*EXERCISE OBJECTIVE*
Only an exact copy of the records, from the line with "KAOS WAFFLE KNIT LENGAN" through the last line, is wanted.

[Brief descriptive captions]
[Start of section]

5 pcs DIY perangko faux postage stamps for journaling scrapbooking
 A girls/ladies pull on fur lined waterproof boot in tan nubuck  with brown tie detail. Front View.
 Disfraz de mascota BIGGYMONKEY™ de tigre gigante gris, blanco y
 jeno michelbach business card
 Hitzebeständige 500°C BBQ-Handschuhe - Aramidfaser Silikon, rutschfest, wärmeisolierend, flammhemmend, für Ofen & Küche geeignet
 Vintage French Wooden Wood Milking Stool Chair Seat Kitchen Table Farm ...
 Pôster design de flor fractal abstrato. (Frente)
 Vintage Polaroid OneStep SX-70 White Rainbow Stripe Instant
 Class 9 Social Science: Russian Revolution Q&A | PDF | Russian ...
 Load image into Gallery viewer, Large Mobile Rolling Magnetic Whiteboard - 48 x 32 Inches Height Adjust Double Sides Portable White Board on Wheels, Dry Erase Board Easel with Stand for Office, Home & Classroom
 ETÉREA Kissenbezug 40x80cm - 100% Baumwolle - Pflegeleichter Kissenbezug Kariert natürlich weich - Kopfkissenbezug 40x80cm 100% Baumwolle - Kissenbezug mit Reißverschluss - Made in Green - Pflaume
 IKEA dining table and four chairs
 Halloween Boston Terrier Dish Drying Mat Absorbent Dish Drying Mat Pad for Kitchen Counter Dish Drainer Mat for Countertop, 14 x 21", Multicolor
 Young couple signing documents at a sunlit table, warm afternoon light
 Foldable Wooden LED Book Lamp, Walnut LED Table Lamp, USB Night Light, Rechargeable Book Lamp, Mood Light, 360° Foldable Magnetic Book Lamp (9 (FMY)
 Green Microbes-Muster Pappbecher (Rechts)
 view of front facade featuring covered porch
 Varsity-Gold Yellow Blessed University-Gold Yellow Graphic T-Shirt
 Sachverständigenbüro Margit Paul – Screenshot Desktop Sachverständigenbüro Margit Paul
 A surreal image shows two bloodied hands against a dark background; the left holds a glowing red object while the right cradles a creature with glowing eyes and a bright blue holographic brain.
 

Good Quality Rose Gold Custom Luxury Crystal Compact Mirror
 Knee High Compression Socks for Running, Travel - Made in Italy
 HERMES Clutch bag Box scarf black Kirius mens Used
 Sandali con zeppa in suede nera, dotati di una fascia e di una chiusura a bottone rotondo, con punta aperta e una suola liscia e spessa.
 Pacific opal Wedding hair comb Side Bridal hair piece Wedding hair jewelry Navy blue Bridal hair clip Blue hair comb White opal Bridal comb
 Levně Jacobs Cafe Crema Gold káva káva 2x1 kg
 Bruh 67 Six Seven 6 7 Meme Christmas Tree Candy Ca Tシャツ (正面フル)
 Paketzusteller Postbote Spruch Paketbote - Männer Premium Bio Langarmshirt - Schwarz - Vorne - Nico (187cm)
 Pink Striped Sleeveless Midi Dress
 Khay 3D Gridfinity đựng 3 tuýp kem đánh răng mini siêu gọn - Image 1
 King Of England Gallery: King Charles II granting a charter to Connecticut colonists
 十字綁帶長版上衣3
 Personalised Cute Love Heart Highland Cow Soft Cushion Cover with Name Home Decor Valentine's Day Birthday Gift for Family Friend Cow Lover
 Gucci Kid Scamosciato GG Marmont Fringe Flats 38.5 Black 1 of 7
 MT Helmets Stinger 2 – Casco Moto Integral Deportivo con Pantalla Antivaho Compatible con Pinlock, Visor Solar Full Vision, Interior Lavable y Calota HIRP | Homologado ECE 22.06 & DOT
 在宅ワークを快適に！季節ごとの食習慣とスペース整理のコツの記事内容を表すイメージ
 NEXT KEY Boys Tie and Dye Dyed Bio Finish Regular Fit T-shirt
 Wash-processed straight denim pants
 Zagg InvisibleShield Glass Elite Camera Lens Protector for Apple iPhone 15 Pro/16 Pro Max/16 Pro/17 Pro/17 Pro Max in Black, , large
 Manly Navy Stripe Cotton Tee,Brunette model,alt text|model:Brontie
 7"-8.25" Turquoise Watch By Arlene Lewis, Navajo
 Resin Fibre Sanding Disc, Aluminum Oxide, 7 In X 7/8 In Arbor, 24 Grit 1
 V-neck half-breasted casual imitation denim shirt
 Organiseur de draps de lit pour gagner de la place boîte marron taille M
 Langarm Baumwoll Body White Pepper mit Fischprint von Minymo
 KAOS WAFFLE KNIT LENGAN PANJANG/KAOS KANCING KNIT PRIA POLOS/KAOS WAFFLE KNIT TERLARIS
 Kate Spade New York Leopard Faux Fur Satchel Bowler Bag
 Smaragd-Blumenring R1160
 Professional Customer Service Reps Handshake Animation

[End of section]

*THE COMPLETED TASK*
 KAOS WAFFLE KNIT LENGAN PANJANG/KAOS KANCING KNIT PRIA POLOS/KAOS WAFFLE KNIT TERLARIS
 Kate Spade New York Leopard Faux Fur Satchel Bowler Bag
 Smaragd-Blumenring R1160
 Professional Customer Service Reps Handshake Animation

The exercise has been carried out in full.